Geeks With Blogs
Chris Falter .NET Design and Best Practices

 

Recently I was discussing SQL Server encryption with some friends who have been using it to encrypt short strings such as Social Security numbers at their shop.  I commented, "Just try searching those Social Security Numbers," they shared my lamentation, and we moved on to other subjects.  Later that evening, though, I thought there must be a way to search those wretched encrypted blocks--somehow--and worked out the solution you are about to read. 

The Problem

The difficulty lies in the fact that you cannot compare varbinaries in a predicate.  Combine this with the fact that encrypted text is stored as a varbinary, and the result is that you cannot search the varbinary encrypted text, even if you run the search term through the encryption algorithm before performing the comparison. 

To illustrate, suppose you have a Person table that stores a name and a Social Security Number (SSN) encrypted with a certificate, defined like this:

CREATE TABLE [dbo].[Person](
  [Id] [int] IDENTITY(1,1) NOT NULL,
  [SSN] [varbinary](128) NULL,
  [Name] [varchar](50) NULL,
CONSTRAINT [PK_Person] PRIMARY KEY CLUSTERED
(
[Id] ASC
)ON [PRIMARY]
)ON [PRIMARY]

It would be nice if you could just encrypt the search text and build a predicate that compares the term and the encrypted column, like this:

declare @encryptedSSN varbinary(128);
set @encryptedSSN = ENCRYPTBYCERT(CERT_ID('certKey'), @ssn);
select name, CONVERT(char(9),DECRYPTBYCERT(CERT_ID('certKey'), SSN) as SSN
from dbo.Person
where ssn = @encryptedSSN;

As I mentioned previously, though, this approach simply does not work. 

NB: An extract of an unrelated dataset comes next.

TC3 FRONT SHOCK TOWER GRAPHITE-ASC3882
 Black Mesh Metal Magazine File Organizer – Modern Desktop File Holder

Of course, you could make the predicate succeed by setting the datatype of the encrypted text column to char(128), and then converting the encryption products (stored SSNs plus the search term) from varbinary to char(128) before using them.  However, indexing a column that large, and performing comparisons with it, would consume a lot of disk and processing resources.

The Solution

Instead of converting the large encrypted block into char(128) data, you can work with the hash of the SSN instead.  If you calculate the hash using the SHA1 algorithm, the hash will require only 20 bytes of storage, so the burden on disk and processing resources will drop significantly.  And since the SHA1 algorithm is considered to be very secure, you will not add any significant security risk to your solution.  From start to finish, here's how the approach will work:

1. Include a char(20) column in your table to hold the hash of the SSN.  The new table definition will look like this:

CREATE TABLE [dbo].[Person](
  [Id] [int] IDENTITY(1,1) NOT NULL,
  [SSN] [varbinary](128) NULL,
  [Name] [varchar](50) NULL,
  [Hash] [char](20) NULL,
CONSTRAINT [PK_Person] PRIMARY KEY CLUSTERED
(
[Id] ASC
)ON [PRIMARY]
)ON [PRIMARY]

You should also index the Hash column to improve the performance of searches by SSN, of course. 

2. Whenever you insert a record, store the hash of the SSN along with the encrypted bytes.  Your insert stored procedure should use the built-in HASHBYTES function, like this:

CREATE PROCEDURE [dbo].[usp_Insert_Person]
  @ssn
char(9),
  @name varchar(50)
AS
BEGIN

  insert into dbo.Person(SSN, Name,Hash)
  values(ENCRYPTBYCERT(CERT_ID('certKey'), @ssn), @name, convert(char(20), HASHBYTES('SHA1', @ssn)))
END

3. When you search by SSN, compare the search term hash to the stored hash in your predicate:

CREATE PROCEDURE usp_Search_Person_BySsn
  @ssn char(9)
AS
BEGIN

  --SET NOCOUNT ON added to prevent extra result sets from
  --interfering with SELECT statements.

  SET NOCOUNT ON;

  declare @hash char(20);
  set @hash = convert(char(20), HASHBYTES('SHA1', @ssn));
  select convert(char(9), DECRYPTBYCERT(cert_id('certkey'), ssn)) as SSN, name
  from dbo.Person
  where Hash= @hash;
END

Conclusion

This approach has worked well for me in my experimentation, and I recommend it to you if you need to search on an encrypted field.  You should note, however, that the approach does have a limitation: you cannot search on an arbitrary substring of the encrypted text.  In other words, a "begins with" or "contains" search is not possible.  As long as you can live with this limitation, you should be able to employ this approach for your own encrypted data.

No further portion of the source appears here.